Унифицированное звучание уравнивает разноуровневые элементы текста, Одинаковость звучания стиховых строк служит “основанием для сравнения” наречия с прилагательным, глагола с союзом и местоимением, денотата с фонетической оболочкой слова [Будучи отторгнута от предметного значения, фонетическая оболочка слова приобретает способность семантизироваться. Об этом, например, говорил Мандельштам, называя слово Психеей] и т.д. — сравнения, которое отсутствует в прозаической речи.
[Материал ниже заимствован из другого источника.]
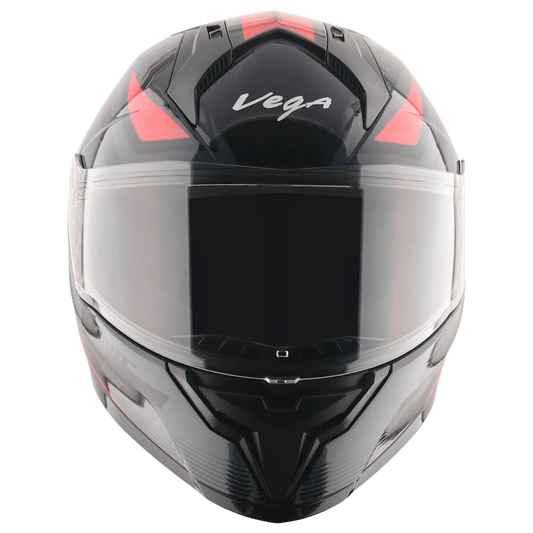 VEGA Sonic Dx Trigger Black Red Full Face Helmet
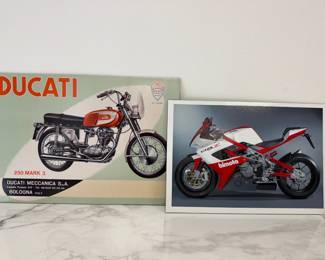 Lot 6130  Ducati 250 Mark 3 Bimota DB7 Mounted Art Prints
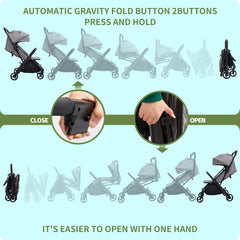 Cool Kids Baby Stroller airplane-fit design easing cabin storage and overhead bin use.
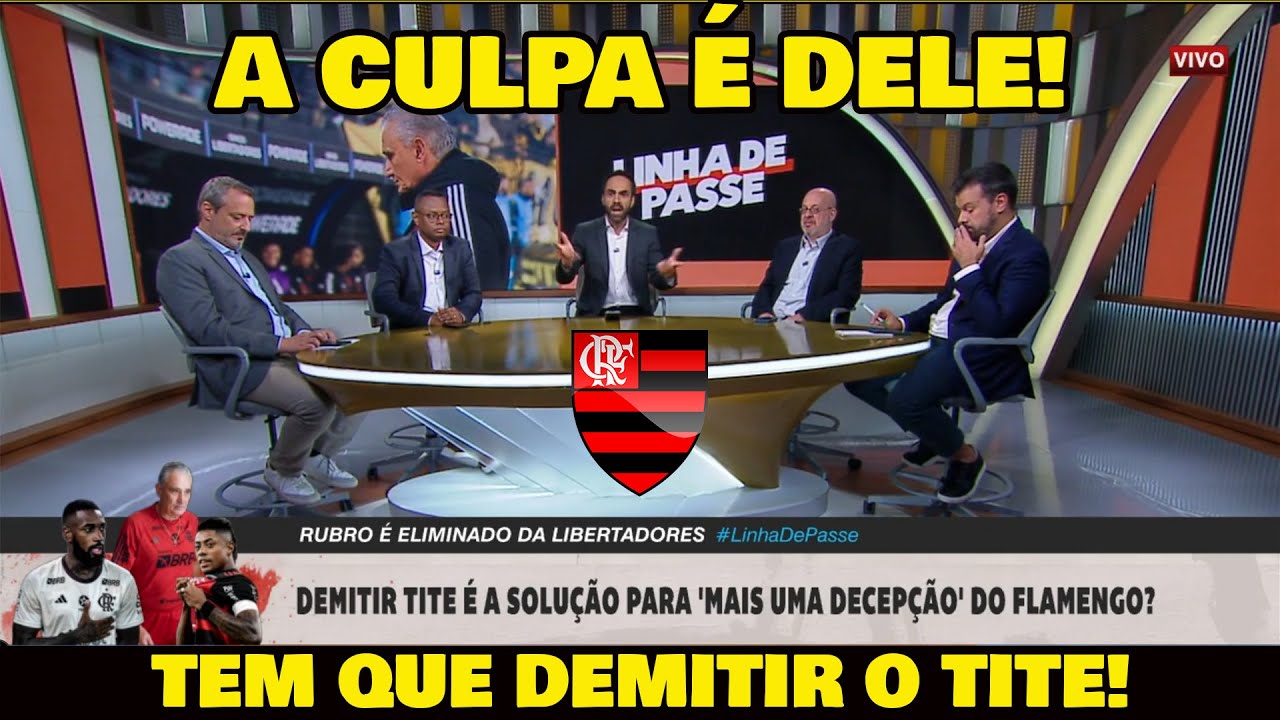 IMPRENSA DETONA TITE! "TEM QUE DEMITIR" COM ELE VAI PERDER ATÉ A COPA DO BRASIL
Унифицированное звучание отменяет существующую в прозаической речи и осознаваемую при восприятии иерархию элементов; оно, уподобляя, разобщает, и элементы речи получают возможность вступать в нерегламентированные связи, приобретают дополнительную валентность [М.И.Шапир замечает, что “стих от прозы отличается не расчлененностью на сравнимые между собой отрезки, но способностью сопоставлять то, что в прозе несопоставимо, и соизмерять то, что в прозе несоизмеримо”. Не объясняя, каким образом возникает эта способность (именно благодаря расчлененности!) и чему она служит, исследователь называет ее “дополнительным измерением” (Шапир, 1995, 17)]. Таков, на наш взгляд, механизм возникновения “пластического миметизма”.
Видимо, это явление Ю. Н. Тынянов называл “теснотой” и “динамизацией” стихового ряда, возникновением “колеблющихся признаков” значения.
И меж пелен оставила свирель,
Которую сама заворожила.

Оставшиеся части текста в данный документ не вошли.